Without the pictures, return each record as it appears.

-- Source information follows --

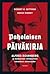 Paholaisen päiväkirja : Alfred Rosenberg ja kolmannen valtakunnan varastetut salaisuudet
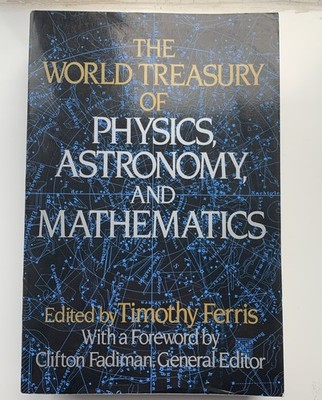 World Treasury of Physics, Astronomy, and Mathematics by Timothy Ferris...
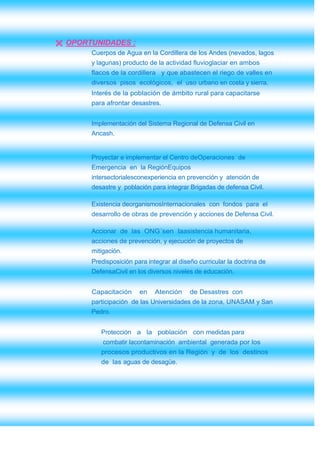  OPORTUNIDADES :
       Cuerpos de Agua en la Cordillera de los Andes (nevados, lagos
       y lagunas) producto de la actividad fluvioglaciar en ambos
       flacos de la cordillera y que abastecen el riego de valles en
       diversos pisos ecológicos, el uso urbano en costa y sierra.
       Interés de la población de ámbito rural para capacitarse
       para afrontar desastres.


       Implementación del Sistema Regional de Defensa Civil en
       Ancash.


       Proyectar e implementar el Centro deOperaciones de
       Emergencia en la RegiónEquipos
       intersectorialesconexperiencia en prevención y atención de
       desastre y población para integrar Brigadas de defensa Civil.

       Existencia deorganismosInternacionales con fondos para el
       desarrollo de obras de prevención y acciones de Defensa Civil.

       Accionar de las ONG´sen laasistencia humanitaria,
       acciones de prevención, y ejecución de proyectos de
       mitigación.
       Predisposición para integrar al diseño curricular la doctrina de
       DefensaCivil en los diversos niveles de educación.


       Capacitación     en    Atención     de Desastres con
       participación de las Universidades de la zona, UNASAM y San
       Pedro.


          Protección a la población con medidas para
           combatir lacontaminación ambiental generada por los
          procesos productivos en la Región y de los destinos
          de las aguas de desagüe.
 
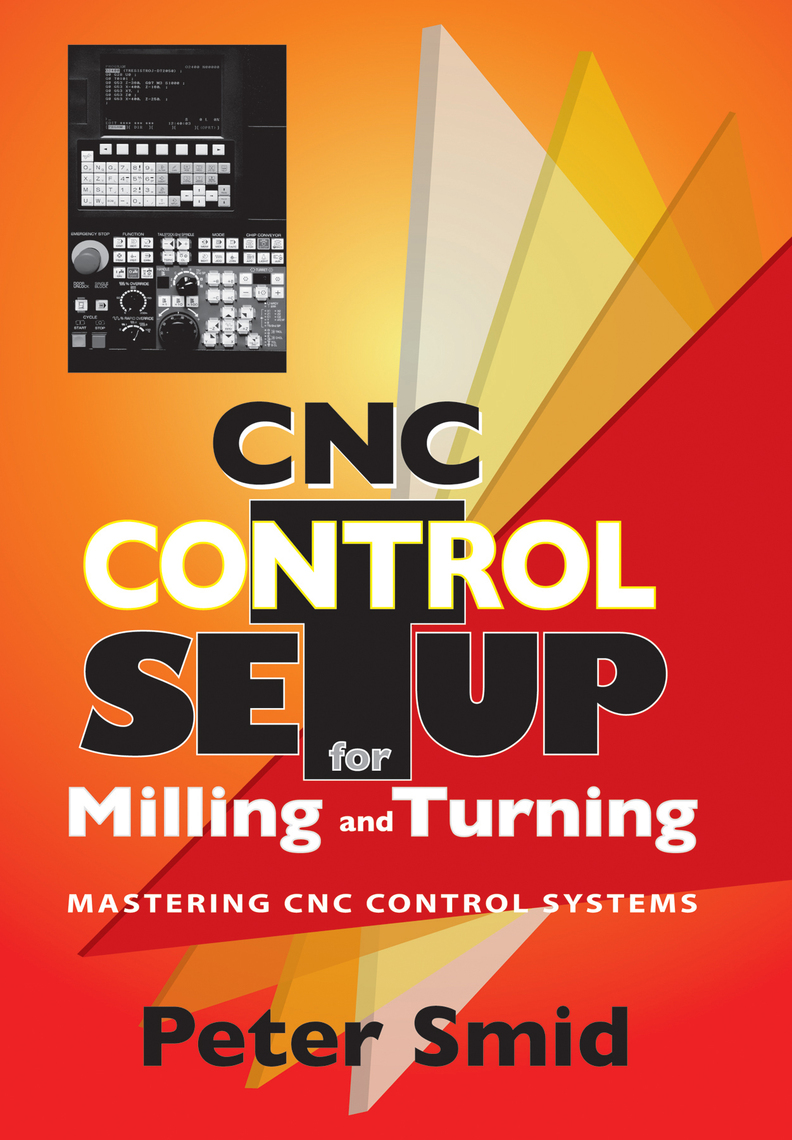 CNC Control Setup for Milling and Turning by Peter Smid Book Read Online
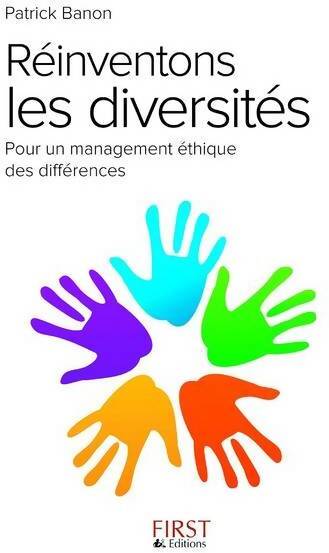 Réinventons les diversités - Patrick Banon - Livre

-- Source information concluded --

Solution ->
 Paholaisen päiväkirja : Alfred Rosenberg ja kolmannen valtakunnan varastetut salaisuudet
 World Treasury of Physics, Astronomy, and Mathematics by Timothy Ferris...
  OPORTUNIDADES :
       Cuerpos de Agua en la Cordillera de los Andes (nevados, lagos
       y lagunas) producto de la actividad fluvioglaciar en ambos
       flacos de la cordillera y que abastecen el riego de valles en
       diversos pisos ecológicos, el uso urbano en costa y sierra.
       Interés de la población de ámbito rural para capacitarse
       para afrontar desastres.


       Implementación del Sistema Regional de Defensa Civil en
       Ancash.


       Proyectar e implementar el Centro deOperaciones de
       Emergencia en la RegiónEquipos
       intersectorialesconexperiencia en prevención y atención de
       desastre y población para integrar Brigadas de defensa Civil.

       Existencia deorganismosInternacionales con fondos para el
       desarrollo de obras de prevención y acciones de Defensa Civil.

       Accionar de las ONG´sen laasistencia humanitaria,
       acciones de prevención, y ejecución de proyectos de
       mitigación.
       Predisposición para integrar al diseño curricular la doctrina de
       DefensaCivil en los diversos niveles de educación.


       Capacitación     en    Atención     de Desastres con
       participación de las Universidades de la zona, UNASAM y San
       Pedro.


          Protección a la población con medidas para
           combatir lacontaminación ambiental generada por los
          procesos productivos en la Región y de los destinos
          de las aguas de desagüe.
 
 CNC Control Setup for Milling and Turning by Peter Smid Book Read Online
 Réinventons les diversités - Patrick Banon - Livre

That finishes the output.